By Anson Wainwright, MaxBoxing (Dec 14, 2011) Doghouse Boxing (Photo © Howard Schatz / SHOWTIME)
Andre Ward
When the “Super Six” was first announced by Showtime two years ago, it was hoped that not only would we see several intriguing match-ups between the very best super middleweights in the world but we’d also witness the birth of boxing's newest superstars.

Step forward Andre Ward. The 27-year-old from Oakland, California entered the tournament full of potential, having won a gold medal at the 2004 Olympics during an illustrious amateur career. Up until the start of the tournament, Ward's best win was against big punching but faulty Edison Miranda. He knew all along how good he was. He just had to show everyone else. 

In his first fight of the tournament, Ward was pitted against vastly more experienced Mikkel Kessler for the WBA super middleweight title. A confident Kessler travelled to Ward's hometown and Ward believes that confidence was part of the Dane’s undoing. “Kessler was a proud champion but I think he was overconfident and his overconfidence allowed him and his team to feel like they could come into my back yard and dominate me. That was their mistake.” It certainly looked that way when Ward went on to post the best performance of his career, winning an 11th round technical decision. 

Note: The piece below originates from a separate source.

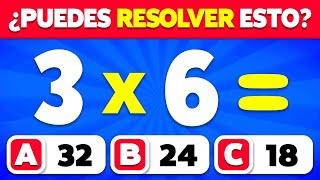 ¡Examen de MATEMÁTICAS! ️ ¿Eres Bueno con los Números?  | Fácil, Medio, Difícil, Imposible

It proved to be just the start for the man dubbed “S.O.G.” (Son of God) as he followed the Kessler win with solid decision wins over Allan Green and Sakio Bika. Ward would add, “I'm the only guy who had to face two replacement guys who were tough, strong guys nobody wanted to fight, top 10 guys but also guys who didn't have a name.” Though he wasn't always as impressive as he'd like, Ward earned praise for being able to win ugly. He's his own harshest critic, holding himself to very high standards and openly stating he's a perfectionist. 

Having come through those fights, Ward would meet Arthur Abraham in the semifinal. It was a top-drawer performance, one that Ward himself was happy with. “The Abraham fight was a good fight for me. I did what I had to do to get the win. Arthur Abraham is a guy who obviously doesn't like to open up. Full credit to Abraham though. He came out of the blocks straight away and looked to bully and muscle his way into the fight early but by the middle rounds, the multi-dimensional champion had seen off the early charge and was able to show his considerable talent whilst winning a wide decision. It was further proof of Ward's boxing ethos, “The key to boxing is you have to identify and be honest about your opponent’s strengths. You have to study and find those weaknesses.”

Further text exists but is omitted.